Na Arquidiocese de São Paulo, 90% dos interessados conseguem obter a declaração de que seu casamento nunca foi válido

"Alguns, apesar da aparência, não são casamentos de fato. Quando ocorre esta situação é que a igreja declara a nulidade", diz padre

LEANDRO BEGUOCI
DA REPORTAGEM LOCAL

MAURÍCIO SIMIONATO
DA AGÊNCIA FOLHA, EM JUNDIAÍ

A Igreja Católica condena o pecado, mas não o pecador. Está é a máxima usada por padres e bispos para explicar por que o catolicismo se opõe ao divórcio e ao segundo casamento, mas não expulsa as pessoas nestas condições dos templos.
Uma carta do papa João Paulo 2º em 1981, ainda em vigor, afirma que a igreja se opõe à separação, mas não pode discriminar os divorciados e deve arrumar meios de acolhê-los.
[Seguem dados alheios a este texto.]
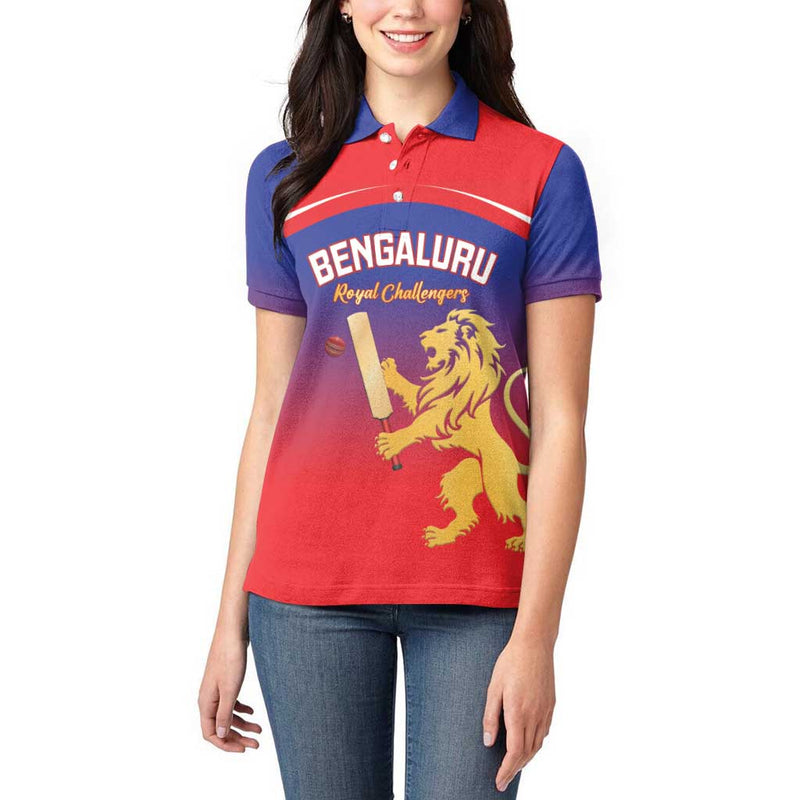 Custom Bengaluru India Cricket Go Champions Women Polo Shirt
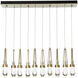 Link 10 Light 44.5 inch Modern Brass Pendant Ceiling Light, Rectangular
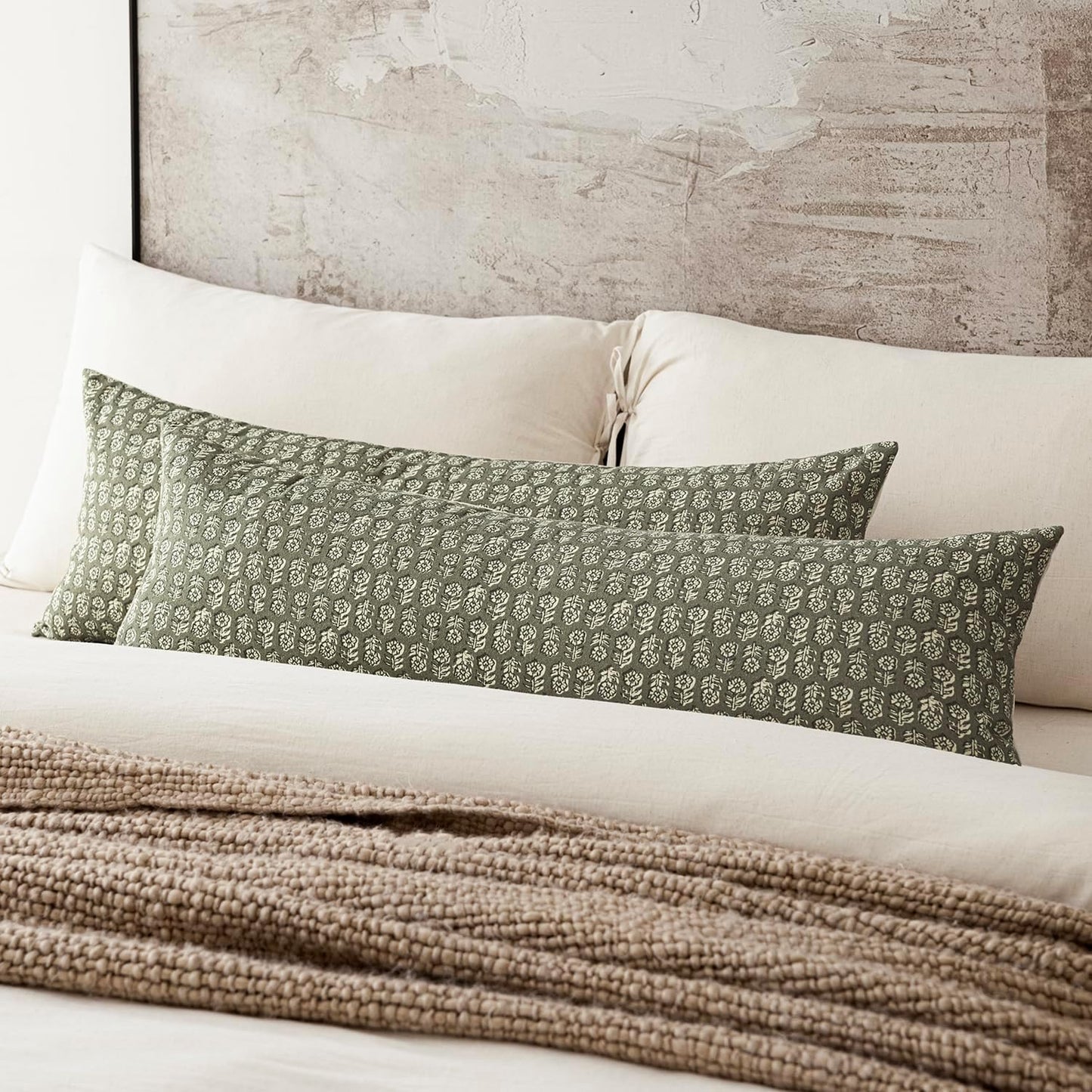 Foindtower Set of 2 Decorative Long Body Lumbar Throw Pillow Covers Neutral Modern Farmhouse Cushion Covers Vintage Home Decor for Sofa Couch Chair Bedroom Living Room,14×36 Inch,Sage Green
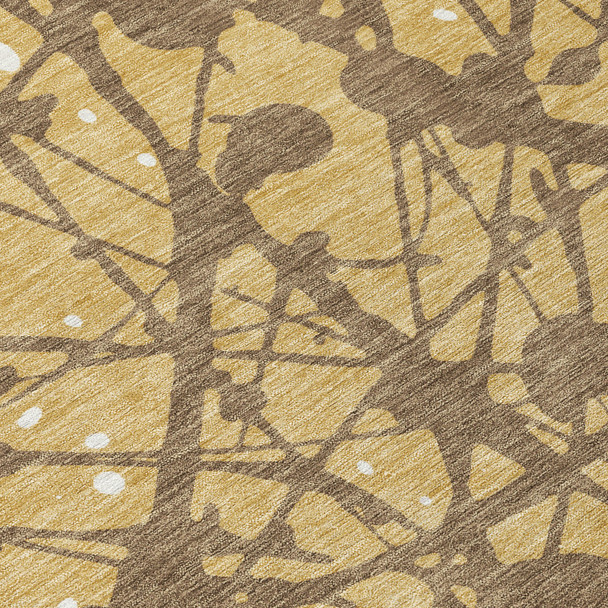 8' Gold And Brown Round Abstract Washable Indoor Outdoor Area Rug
Ao menos desde 1917 é possível pedir a declaração de que a união anterior não foi válida, segundo os preceitos da religião.
Na Arquidiocese de São Paulo, cerca de 300 pessoas pedem, por ano, que seu casamento anterior seja declarado nulo. Em média, 90% dos interessados conseguem. É como se seu time fosse vice-campeão de um torneio e, algum tempo depois, o campeão fosse declarado inexistente porque violou as regras do jogo. Na igreja, o princípio é o mesmo. Não existem dados consolidados sobre declaração de anulação de uniões católicas em todo o Brasil.
A procura, contudo, é pequena. Em 2005, cerca de 10,6 mil pessoas se divorciaram na Justiça apenas na capital paulista.
"O casamento é e sempre foi considerado pela igreja como uno e indissolúvel", afirma o padre Antônio Gonçalves, juiz do Tribunal Eclesiástico de São Paulo, que julga se os casamentos podem ou não ser declarados nulos. "Mas sabemos que alguns não dão certo. Alguns, apesar de toda aparência, não são casamentos de fato. Quando ocorre esta situação é que a igreja declara a nulidade."
Apesar do respeito, há restrições. Alguns divorciados não podem receber a comunhão nem se confessar. O motivo: a igreja considera uma segunda união sem declaração de nulidade uma traição ao primeiro cônjuge, o que é pecado. Só pode receber a comunhão quem está livre de pecado. Só pode se confessar quem se arrependeu.
O rigor se explica, segundo d. Rafael Cifuentes, presidente da Comissão Episcopal Pastoral para a Vida e a Família, da CNBB (Conferência Nacional dos Bispos do Brasil): "O casamento é um vínculo indissolúvel de amor feito por Deus entre homem e mulher. A ninguém é dado o direito de romper este vínculo, nem à igreja".

Casal pioneiro
O promotor de Justiça aposentado João Bosco Oliveira, 69, é fundador da primeira pastoral de casais em segunda união do país (1993) -hoje são 21 mil casais em centenas delas no Brasil e na América Latina- e é católico militante, mas, ao se casar pela segunda vez após se divorciar, teve de deixar de comungar na missa.
Hoje, não consegue se conter de emoção ao falar de seu neto, Jean Luca, 9, que irá comungar pela primeira vez em maio.
Unido com a advogada Aparecida de Fátima Fonseca Oliveira, 49, há 20 anos, Oliveira se casou na igreja em 2001, após a morte da primeira mulher, com quem viveu 20 anos e teve três filhos. "Interpreto tudo isso como uma grande responsabilidade que se coloca sob nossos ombros, no sentido de sermos um instrumento da igreja para a preparação de todos os casais nessas situação", disse.